O Ministério Público apresentou resposta, tendo concluído pela improcedência do recurso e para tal formulou as seguintes conclusões:
"1–A recorrente/arguida discorda da sentença que confirmou integralmente a decisão administrativa proferida e em consequência, a condenou pela prática de uma contraordenação p. e p. pelos artigos 148.º, n.º 4, al. c) e 10, do Código da Estrada, na sanção da cassação do seu título de condução. 2–Invoca a Recorrente a prescrição dos procedimentos contraordenacionais que estiveram na base da decisão de cassação do seu título de condução e bem assim, na omissão de notificação nos termos do disposto no artigo 9.º, do Decreto-Regulamentar n.º 1-A/2016, de 30 de maio porquanto não foi notificada para os efeitos do artigo 148.º, n.º 4 e 8, do Código da Estrada. 3–A sentença ora em recurso pronunciou-se sobre estas mesmas questões, indeferindo a primeira (com base na definitividade das decisões administrativas, não impugnadas pela Recorrente) e ainda que aceitando a segunda - a omissão da notificação nos termos do disposto no artigo 9.º, do Decreto-Regulamentar n.º 1-A/2016, de 30 de maio – pronunciou-se no sentido de tal omissão não influir na decisão de mérito administrativa, que tem apenas como pressuposto a inexistência de pontos na carta de condução da Recorrente condutora. 4–Concordamos integralmente com o doutamente decidido pelo Tribunal a quo, pelo que se dirá não assistir razão à Recorrente".
Os autos subiram a este Tribunal e nos mesmos o Ministério Público elaborou parecer em que conclui pela improcedência do recurso.

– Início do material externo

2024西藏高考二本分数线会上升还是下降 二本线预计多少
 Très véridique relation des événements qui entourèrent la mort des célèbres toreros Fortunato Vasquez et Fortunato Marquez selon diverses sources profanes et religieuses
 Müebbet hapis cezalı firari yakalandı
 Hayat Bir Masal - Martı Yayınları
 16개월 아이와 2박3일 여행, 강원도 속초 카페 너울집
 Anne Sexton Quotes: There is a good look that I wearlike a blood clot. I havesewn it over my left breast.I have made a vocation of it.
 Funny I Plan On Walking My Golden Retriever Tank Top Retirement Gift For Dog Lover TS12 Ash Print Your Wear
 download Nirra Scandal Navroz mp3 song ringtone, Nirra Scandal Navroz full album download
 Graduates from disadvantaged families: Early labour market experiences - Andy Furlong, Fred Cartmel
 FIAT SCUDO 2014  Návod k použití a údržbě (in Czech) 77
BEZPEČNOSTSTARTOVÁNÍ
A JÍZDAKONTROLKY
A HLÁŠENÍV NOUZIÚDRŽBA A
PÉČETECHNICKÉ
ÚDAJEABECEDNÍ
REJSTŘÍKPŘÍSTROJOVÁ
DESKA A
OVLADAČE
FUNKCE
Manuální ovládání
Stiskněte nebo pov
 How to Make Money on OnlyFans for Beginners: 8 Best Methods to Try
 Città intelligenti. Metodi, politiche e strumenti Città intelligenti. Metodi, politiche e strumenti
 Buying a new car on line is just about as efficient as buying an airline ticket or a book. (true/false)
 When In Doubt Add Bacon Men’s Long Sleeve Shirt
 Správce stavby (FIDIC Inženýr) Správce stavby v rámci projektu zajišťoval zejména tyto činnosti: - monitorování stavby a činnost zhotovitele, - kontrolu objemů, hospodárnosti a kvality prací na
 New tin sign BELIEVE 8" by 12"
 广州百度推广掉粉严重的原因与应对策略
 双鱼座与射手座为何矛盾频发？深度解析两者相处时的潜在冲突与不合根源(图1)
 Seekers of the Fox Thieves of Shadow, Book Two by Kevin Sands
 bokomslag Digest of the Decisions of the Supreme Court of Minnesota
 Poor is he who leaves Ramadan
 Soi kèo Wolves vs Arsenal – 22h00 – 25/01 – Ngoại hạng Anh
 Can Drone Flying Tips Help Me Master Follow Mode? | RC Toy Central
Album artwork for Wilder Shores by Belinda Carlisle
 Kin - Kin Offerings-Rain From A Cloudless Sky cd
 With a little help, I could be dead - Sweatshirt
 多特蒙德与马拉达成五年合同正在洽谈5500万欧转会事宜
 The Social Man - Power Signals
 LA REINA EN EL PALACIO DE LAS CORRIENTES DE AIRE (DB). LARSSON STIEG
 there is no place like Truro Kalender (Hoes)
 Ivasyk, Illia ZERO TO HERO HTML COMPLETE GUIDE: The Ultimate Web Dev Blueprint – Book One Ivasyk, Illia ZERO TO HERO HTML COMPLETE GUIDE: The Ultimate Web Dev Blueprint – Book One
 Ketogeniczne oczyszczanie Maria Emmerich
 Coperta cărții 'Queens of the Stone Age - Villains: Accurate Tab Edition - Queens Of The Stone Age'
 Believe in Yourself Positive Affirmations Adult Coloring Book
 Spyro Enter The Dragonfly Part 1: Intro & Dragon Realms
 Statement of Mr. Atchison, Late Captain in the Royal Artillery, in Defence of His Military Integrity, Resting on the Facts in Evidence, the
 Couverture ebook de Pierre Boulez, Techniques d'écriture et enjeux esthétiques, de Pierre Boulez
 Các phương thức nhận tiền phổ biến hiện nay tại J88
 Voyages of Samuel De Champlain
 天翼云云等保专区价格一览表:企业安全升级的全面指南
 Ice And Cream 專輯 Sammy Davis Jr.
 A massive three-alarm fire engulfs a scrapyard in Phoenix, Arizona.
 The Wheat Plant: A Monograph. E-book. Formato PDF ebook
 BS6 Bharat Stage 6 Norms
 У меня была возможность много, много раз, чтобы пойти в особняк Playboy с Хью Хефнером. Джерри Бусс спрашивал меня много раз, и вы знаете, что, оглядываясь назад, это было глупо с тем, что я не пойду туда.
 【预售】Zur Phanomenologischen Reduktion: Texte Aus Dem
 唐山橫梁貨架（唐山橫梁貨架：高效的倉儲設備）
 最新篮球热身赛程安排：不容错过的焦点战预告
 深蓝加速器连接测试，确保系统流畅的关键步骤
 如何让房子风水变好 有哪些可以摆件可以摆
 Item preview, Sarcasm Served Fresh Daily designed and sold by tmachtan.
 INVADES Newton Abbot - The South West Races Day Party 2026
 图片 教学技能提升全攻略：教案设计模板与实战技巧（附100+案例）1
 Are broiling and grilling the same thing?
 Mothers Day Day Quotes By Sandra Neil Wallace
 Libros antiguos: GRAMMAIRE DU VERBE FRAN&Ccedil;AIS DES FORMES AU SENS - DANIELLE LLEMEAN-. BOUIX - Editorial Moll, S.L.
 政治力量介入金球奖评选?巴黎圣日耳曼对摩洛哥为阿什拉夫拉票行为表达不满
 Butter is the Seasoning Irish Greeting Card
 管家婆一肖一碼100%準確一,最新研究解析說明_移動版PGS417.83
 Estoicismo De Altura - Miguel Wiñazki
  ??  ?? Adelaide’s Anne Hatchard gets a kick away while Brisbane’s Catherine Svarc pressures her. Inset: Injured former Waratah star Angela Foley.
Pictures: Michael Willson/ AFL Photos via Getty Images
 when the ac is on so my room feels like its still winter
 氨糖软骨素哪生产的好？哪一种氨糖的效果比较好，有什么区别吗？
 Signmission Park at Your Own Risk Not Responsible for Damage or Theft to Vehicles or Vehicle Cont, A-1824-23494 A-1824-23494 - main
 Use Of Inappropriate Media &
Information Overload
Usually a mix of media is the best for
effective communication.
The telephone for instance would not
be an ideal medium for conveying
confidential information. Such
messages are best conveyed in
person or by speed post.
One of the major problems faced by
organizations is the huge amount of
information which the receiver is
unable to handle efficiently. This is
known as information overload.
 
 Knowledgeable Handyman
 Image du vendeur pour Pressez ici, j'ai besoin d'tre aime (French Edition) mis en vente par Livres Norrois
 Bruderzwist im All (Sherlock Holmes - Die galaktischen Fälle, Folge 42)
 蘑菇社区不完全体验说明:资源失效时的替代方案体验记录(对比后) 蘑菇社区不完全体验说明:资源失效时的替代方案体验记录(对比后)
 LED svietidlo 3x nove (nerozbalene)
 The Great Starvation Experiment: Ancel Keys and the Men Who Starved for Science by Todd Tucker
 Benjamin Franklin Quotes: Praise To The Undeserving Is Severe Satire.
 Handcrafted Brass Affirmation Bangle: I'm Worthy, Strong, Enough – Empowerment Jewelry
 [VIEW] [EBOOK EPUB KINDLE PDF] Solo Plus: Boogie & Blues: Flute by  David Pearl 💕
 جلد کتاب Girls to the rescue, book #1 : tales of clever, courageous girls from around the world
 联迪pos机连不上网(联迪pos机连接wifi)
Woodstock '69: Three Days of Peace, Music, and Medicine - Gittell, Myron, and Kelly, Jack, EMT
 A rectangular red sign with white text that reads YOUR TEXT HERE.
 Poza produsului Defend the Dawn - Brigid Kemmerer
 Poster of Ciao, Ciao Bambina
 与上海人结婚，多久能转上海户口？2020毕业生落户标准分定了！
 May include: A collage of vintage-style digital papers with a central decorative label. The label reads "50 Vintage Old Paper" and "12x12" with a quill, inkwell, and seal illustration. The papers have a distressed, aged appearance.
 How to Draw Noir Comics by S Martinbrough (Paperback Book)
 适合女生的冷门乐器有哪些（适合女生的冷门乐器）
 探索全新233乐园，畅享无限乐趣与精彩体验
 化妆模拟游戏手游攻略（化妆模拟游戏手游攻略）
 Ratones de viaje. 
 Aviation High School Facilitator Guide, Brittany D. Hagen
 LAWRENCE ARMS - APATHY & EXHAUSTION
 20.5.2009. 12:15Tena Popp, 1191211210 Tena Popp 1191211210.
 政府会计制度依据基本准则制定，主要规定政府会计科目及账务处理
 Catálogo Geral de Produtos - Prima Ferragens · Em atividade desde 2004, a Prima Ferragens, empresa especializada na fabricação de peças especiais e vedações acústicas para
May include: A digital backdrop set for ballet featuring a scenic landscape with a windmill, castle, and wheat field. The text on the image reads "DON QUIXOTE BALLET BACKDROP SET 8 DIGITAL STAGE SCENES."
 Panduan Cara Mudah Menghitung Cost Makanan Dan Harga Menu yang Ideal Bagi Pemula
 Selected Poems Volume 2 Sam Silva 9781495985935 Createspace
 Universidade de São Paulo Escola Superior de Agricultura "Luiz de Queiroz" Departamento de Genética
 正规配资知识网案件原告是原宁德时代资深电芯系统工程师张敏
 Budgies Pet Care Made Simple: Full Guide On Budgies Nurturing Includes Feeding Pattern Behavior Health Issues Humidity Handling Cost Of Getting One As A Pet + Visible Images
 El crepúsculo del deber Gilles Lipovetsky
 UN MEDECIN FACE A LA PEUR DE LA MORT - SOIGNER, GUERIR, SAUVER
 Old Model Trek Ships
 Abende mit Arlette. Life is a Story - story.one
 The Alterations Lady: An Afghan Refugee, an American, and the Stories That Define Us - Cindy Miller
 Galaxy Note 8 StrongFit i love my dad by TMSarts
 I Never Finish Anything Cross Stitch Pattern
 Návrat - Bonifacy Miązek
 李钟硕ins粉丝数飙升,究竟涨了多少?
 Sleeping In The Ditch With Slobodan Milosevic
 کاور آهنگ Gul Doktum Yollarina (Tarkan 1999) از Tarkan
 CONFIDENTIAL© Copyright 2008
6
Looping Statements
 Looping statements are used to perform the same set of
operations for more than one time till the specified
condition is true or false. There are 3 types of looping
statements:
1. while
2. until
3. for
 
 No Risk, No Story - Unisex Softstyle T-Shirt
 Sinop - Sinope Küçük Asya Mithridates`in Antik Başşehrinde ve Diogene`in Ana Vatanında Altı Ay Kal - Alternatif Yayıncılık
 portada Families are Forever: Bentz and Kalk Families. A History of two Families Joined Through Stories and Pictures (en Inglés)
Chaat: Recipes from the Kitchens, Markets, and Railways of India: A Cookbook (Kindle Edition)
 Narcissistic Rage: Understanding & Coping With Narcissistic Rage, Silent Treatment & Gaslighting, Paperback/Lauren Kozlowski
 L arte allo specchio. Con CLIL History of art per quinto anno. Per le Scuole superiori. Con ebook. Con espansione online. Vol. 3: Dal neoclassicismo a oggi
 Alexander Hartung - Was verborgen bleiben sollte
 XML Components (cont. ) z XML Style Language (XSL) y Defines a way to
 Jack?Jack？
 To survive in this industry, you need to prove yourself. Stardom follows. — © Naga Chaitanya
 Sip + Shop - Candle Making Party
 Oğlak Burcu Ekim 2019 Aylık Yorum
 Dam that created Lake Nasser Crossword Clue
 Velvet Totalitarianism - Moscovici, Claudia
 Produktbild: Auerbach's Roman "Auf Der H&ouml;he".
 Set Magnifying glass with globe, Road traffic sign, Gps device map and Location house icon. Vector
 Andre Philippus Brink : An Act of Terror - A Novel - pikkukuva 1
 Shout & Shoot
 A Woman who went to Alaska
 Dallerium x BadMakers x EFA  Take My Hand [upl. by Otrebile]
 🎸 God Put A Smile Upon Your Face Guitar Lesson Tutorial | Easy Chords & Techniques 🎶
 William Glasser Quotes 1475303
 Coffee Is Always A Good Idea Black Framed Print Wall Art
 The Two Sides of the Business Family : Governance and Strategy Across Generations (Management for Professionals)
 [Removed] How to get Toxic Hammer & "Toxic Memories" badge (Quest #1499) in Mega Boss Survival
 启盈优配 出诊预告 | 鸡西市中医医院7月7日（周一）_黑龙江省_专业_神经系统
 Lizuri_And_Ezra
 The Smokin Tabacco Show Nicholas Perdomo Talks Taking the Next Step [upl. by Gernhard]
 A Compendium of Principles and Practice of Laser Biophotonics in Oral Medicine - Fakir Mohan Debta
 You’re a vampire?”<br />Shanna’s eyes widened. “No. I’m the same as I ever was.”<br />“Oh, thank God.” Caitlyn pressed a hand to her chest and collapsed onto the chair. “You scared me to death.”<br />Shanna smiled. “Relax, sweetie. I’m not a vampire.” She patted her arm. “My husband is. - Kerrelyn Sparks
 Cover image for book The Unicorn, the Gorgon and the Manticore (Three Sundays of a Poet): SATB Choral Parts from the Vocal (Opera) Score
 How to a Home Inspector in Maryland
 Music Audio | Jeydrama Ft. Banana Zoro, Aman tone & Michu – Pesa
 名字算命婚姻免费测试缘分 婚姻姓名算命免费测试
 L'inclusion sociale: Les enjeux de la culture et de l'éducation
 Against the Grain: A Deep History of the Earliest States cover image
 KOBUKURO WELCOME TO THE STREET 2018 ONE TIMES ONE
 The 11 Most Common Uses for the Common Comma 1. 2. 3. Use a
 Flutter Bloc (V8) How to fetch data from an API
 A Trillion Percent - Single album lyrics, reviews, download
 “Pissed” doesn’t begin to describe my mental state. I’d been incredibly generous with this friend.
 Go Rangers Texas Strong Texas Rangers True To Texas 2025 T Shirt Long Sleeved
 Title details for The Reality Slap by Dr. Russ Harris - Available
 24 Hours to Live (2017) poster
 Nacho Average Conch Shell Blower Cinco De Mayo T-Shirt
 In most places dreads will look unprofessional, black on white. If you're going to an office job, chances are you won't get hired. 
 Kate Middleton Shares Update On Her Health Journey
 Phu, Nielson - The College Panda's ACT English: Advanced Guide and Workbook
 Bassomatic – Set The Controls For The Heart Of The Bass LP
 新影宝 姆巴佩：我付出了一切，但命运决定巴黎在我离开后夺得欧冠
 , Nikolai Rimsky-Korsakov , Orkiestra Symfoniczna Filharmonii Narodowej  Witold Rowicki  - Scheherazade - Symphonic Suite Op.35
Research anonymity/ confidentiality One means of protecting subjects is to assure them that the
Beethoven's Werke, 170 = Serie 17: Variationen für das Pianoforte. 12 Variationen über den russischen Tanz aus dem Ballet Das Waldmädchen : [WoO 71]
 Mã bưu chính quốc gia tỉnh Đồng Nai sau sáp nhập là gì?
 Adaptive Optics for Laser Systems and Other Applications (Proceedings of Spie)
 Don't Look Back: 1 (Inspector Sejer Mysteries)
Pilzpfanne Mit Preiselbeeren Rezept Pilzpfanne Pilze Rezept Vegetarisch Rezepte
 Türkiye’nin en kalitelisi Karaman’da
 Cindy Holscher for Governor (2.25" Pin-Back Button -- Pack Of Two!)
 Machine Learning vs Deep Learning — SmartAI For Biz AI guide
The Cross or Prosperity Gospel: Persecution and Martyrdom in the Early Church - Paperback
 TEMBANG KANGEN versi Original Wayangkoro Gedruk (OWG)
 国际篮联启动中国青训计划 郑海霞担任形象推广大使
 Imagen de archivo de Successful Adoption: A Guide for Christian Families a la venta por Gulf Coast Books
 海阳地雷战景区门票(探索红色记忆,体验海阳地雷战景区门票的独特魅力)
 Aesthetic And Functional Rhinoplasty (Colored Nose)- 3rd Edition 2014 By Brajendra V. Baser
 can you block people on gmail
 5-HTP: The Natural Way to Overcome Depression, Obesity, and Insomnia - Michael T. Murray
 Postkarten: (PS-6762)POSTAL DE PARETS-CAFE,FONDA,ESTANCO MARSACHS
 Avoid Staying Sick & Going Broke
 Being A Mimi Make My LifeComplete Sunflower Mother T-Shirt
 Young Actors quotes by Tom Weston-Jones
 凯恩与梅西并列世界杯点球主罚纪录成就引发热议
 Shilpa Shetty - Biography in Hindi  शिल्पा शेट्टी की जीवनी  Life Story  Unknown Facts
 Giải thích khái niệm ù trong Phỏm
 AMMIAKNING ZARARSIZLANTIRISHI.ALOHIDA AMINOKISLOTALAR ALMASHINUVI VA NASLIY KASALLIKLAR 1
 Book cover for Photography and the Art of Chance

Os autos foram a vistos e a conferência.
2.– Âmbito do recurso e identificação das questões a decidir
O âmbito do recurso é delimitado em função do teor das conclusões extraídas pelo recorrente da motivação apresentada, só sendo lícito ao Tribunal ad quem apreciar as questões desse modo sintetizadas, sem prejuízo das que importe conhecer oficiosamente, como são os vícios da sentença previstos no artigo 410.º n.º 2 do Código Processo Penal, mesmo que o recurso se encontre limitado à matéria de direito (cfr., Acórdão do Plenário das Secções Criminais do Supremo Tribunal de Justiça de 19/10/1995, Diário da República, Série I-A, de 28/12/1995 e artigos 403.º n.º 1 e 412.º n.º 1 e n.º 2, ambos do Código Processo Penal).
Inexistindo questões de conhecimento oficioso que importe decidir e face ao teor das conclusões da motivação apresentadas, nos presentes autos as questões a apreciar respeitam: à admissibilidade da invocação da prescrição do procedimento contra-ordenacional no processo de cassação da licença de condução por perda total de pontos e à consequência da falta de notificação nos termos do artigo 9.º, do Decreto-Regulamentar n.º 1-A/2016, de 30 de Maio.
3.–Fundamentação
A sentença recorrida no que respeita à factualidade provada tem o seguinte teor.
"II.–Dos Factos.
1.-Factos Provados. Resultaram provados, com relevância para a boa decisão da causa, os seguintes factos: 1)–A recorrente é titular do título de condução com o n.º L-7....0;
2)-Apresenta as seguintes infrações averbadas no seu Registo Individual do Condutor: i.-Por decisão administrativa proferida a 17/02/2019, relativamente a factos praticados a 30/01/2017, foi a recorrente condenada pela prática de uma contraordenação grave, tendo perdido dois pontos; ii.-Por decisão administrativa proferida a 21/02/2019, relativamente a factos praticados a 21/12/2016, foi a recorrente condenada pela prática de uma contraordenação grave, tendo perdido dois pontos; iii.-Por decisão administrativa proferida a 02/03/2019, relativamente a factos praticados a 17/04/2018, foi a recorrente condenada pela prática de uma contraordenação grave, tendo perdido dois pontos; iv.-Por decisão administrativa proferida a 17/06/2019, relativamente a factos praticados a 25/10/2016, foi a recorrente condenada pela prática de uma contraordenação grave, tendo perdido dois pontos; v.-Por decisão administrativa proferida a 24/06/2019, relativamente a factos praticados a 25/10/2016, foi a recorrente condenada pela prática de uma contraordenação grave, tendo perdido dois pontos; vi.-Por decisão administrativa proferida a 26/07/2019, relativamente a factos praticados a 31/03/2017, foi a recorrente condenada pela prática de uma contraordenação grave, tendo perdido dois pontos; vii.-Por decisão administrativa proferida a 20/08/2019, relativamente a factos praticados a 03/03/2017, foi a recorrente condenada pela prática de uma contraordenação grave, tendo perdido dois pontos; viii.-Por decisão administrativa proferida a 22/08/2019, relativamente a factos praticados a 03/04/2017, foi a recorrente condenada pela prática de uma contraordenação grave, tendo perdido dois pontos;
3)–Consequentemente, não tem quaisquer pontos na sua carta de condução".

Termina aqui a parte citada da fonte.